• [TASK DESCRIPTION] Output range, inclusive: from the line containing "タフト G 届出済み未使用車" to the line containing "Pada artikel kali". Restate those lines from the data below word for word and only those.

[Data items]
= Beginning of Section =

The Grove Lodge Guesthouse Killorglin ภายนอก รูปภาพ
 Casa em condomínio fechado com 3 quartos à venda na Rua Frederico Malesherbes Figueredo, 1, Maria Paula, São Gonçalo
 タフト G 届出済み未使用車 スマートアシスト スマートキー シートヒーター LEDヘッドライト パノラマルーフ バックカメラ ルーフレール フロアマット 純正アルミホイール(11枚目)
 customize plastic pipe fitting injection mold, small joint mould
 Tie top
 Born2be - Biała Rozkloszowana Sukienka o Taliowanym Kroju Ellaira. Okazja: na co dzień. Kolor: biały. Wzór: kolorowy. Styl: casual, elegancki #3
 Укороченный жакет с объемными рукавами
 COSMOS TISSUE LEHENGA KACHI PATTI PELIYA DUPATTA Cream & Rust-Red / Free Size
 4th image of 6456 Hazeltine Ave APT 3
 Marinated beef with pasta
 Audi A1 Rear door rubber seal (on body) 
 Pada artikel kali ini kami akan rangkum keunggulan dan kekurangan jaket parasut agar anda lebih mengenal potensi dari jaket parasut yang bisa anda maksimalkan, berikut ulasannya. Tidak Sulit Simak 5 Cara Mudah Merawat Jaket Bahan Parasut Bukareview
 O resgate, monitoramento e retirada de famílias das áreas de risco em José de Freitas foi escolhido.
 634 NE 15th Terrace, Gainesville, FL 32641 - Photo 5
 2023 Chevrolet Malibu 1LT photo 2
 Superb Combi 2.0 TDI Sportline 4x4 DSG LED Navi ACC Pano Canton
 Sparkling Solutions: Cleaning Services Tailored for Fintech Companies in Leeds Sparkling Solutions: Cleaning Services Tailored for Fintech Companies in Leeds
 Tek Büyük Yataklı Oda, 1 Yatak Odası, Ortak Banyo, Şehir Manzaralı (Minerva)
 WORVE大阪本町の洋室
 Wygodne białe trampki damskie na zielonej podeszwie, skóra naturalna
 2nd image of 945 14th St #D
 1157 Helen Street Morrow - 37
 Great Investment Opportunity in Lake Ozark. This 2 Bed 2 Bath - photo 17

= End of Section =

• [WRITTEN REPLY]
 タフト G 届出済み未使用車 スマートアシスト スマートキー シートヒーター LEDヘッドライト パノラマルーフ バックカメラ ルーフレール フロアマット 純正アルミホイール(11枚目)
 customize plastic pipe fitting injection mold, small joint mould
 Tie top
 Born2be - Biała Rozkloszowana Sukienka o Taliowanym Kroju Ellaira. Okazja: na co dzień. Kolor: biały. Wzór: kolorowy. Styl: casual, elegancki #3
 Укороченный жакет с объемными рукавами
 COSMOS TISSUE LEHENGA KACHI PATTI PELIYA DUPATTA Cream & Rust-Red / Free Size
 4th image of 6456 Hazeltine Ave APT 3
 Marinated beef with pasta
 Audi A1 Rear door rubber seal (on body) 
 Pada artikel kali ini kami akan rangkum keunggulan dan kekurangan jaket parasut agar anda lebih mengenal potensi dari jaket parasut yang bisa anda maksimalkan, berikut ulasannya. Tidak Sulit Simak 5 Cara Mudah Merawat Jaket Bahan Parasut Bukareview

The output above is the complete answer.